Additional geospatial masks were used to remove surface water areas and urban zones. The Modified Normalized Difference Water Index (MNDWI) was used to remove surface water with a threshold of 0.3 (Xu, 2006). The National Land Cover Database (NLCD) was used to mask urban areas such as roads (Dewitz, 2021). Geospatial masks using the WIP threshold of 0.50 or 50% were used to estimate wetland and upland 1-m SOC stocks and were compared with 1-m SOC stock data from the National Wetland Condition Assessment (NWCA), which was upscaled using the National Land Cover Database (NLCD) in (Uhran et al., 2021).
Data Acquisition, Materials, and Methods
Study areas
Field surveys, sample collection, and geospatial modeling were conducted across four study watersheds in the Pacific Northwest that span a climatic gradient (Figure 1). The Heen Latinee Experimental Forest (HLEF) is located in southeast Alaska near Juneau, AK with a mean annual precipitation (MAP) of approximately 2284 mm and a mean annual temperature (MAT) of 4.3 degrees C. The Hoh River Watershed (HRW) is located on the west coast of the Olympic Peninsula in Washington state where MAP is approximately 3061 mm and MAT is 10.0 degrees C. The Mashel River Watershed (MRW) is located on the western side of the Cascade Mountain Range near Tahoma, Washington, (Mt. Rainier) and has a MAT of 8.4 degrees C and a MAP of approximately 1716 mm. The Colville Watershed (CVW) is located on the northeastern portion of Washington state and has a MAT of 6.5 degrees C and a MAP of 652 mm.
The landscapes of the four study areas contain a range of landforms including mountains, hillslopes, alluvial floodplains, and glacial moraines and outwash plains. Geologic ages range from late Quaternary deposits from retreating glaciers in the HLEF and HRW, Oligocene-Eocene volcanic and sedimentary rocks in the MRW to Pre-Tertiary metamorphic rocks in the CRW. Vegetation is predominantly forested with the HLEF containing a mix of Western Hemlock (Tsuga heterophylla), and Sitka Spruce (Picea sitchensis) with small amounts of Yellow Cedar (Cupressus nootkatensis). The HRW forests contain Sitka Spruce (Picea sitchensis), Western Hemlock (Tsuga heterophylla), Western Red Cedar (Thuja plicata), and Bigleaf Maple (Acer macrophyllum). The MRW forests contain predominantly Douglas fir (Pseudotsuga menziesii), Western Hemlock (Tsuga heterophylla), and Red Alder (Alnus rubra). The CVW forests contain a mix of Ponderosa Pine (Pinus ponderosa), Douglas fir (Pseudotsuga menziesii), Lodgepole pine (Pinus contorta), Western Larch (Larix occidentalis), Western Hemlock (Tsuga heterophylla), and Western Red Cedar (Thuja plicata).

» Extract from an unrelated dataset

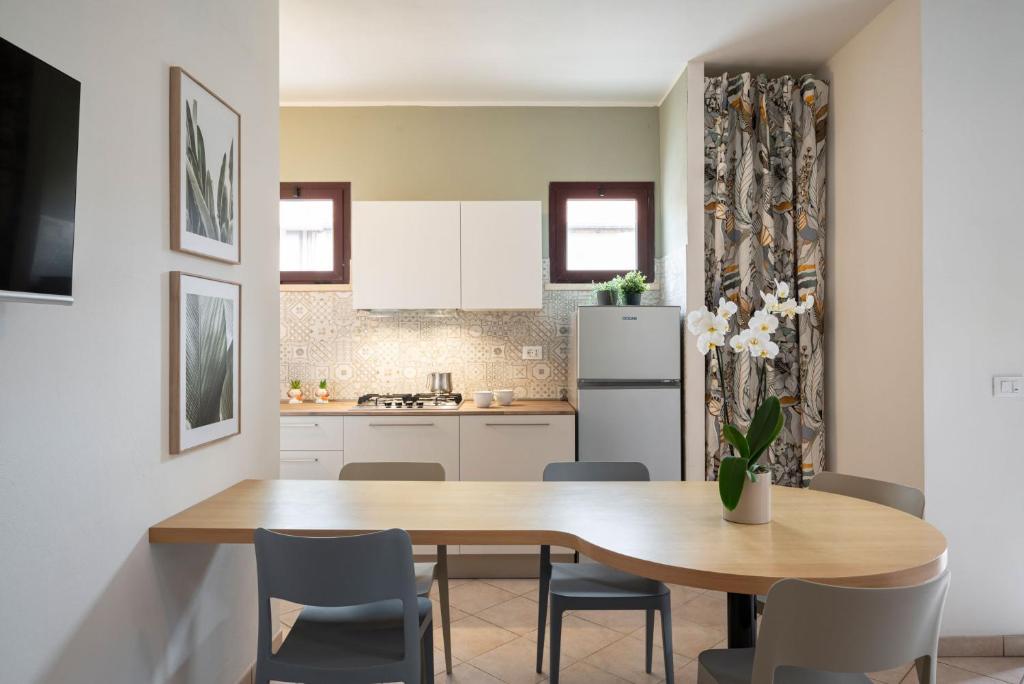a kitchen with a table and chairs and a refrigerator at Le Case di Salvia in San Vincenzo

Wetland Identification with the Wetland Intrinsic Potential (WIP) Tool
The Wetland Intrinsic Potential (WIP) tool was implemented for each study watershed to model the gridded land surface in each study area as a continuous probability of wetland presence, with each grid pixel containing a value from 0-100% (Halabisky et al., 2023). The WIP tool relies on multi-scale terrain metrics derived from digital terrain models (DTMs) as predictors of wetland presence on the landscape, which has been shown to improve wetland classification (Maxwell et al., 2016; Maxwell and Warner, 2019). These terrain metrics along with additional remote sensing metrics representing wetland identifiers and formation factors were used in a Random Forest model (Breiman, 2001) with training data derived from the National Wetland Inventory and field-visit observations. The Random Forest model prediction assigns grid pixels a probability value (0-1.0, revised to 0-100% for interpretability) based on a “wetland” or “upland” designation. We follow Halabisky et al. (2023) and others in using a probability threshold of ≥50% to define the cutoff for defining a wetland (≥50%) or upland (<50%). Both the data and framework of the HRW WIP implementation were utilized to derive similar WIP models for the HLEF, MRW, and CRW study watersheds.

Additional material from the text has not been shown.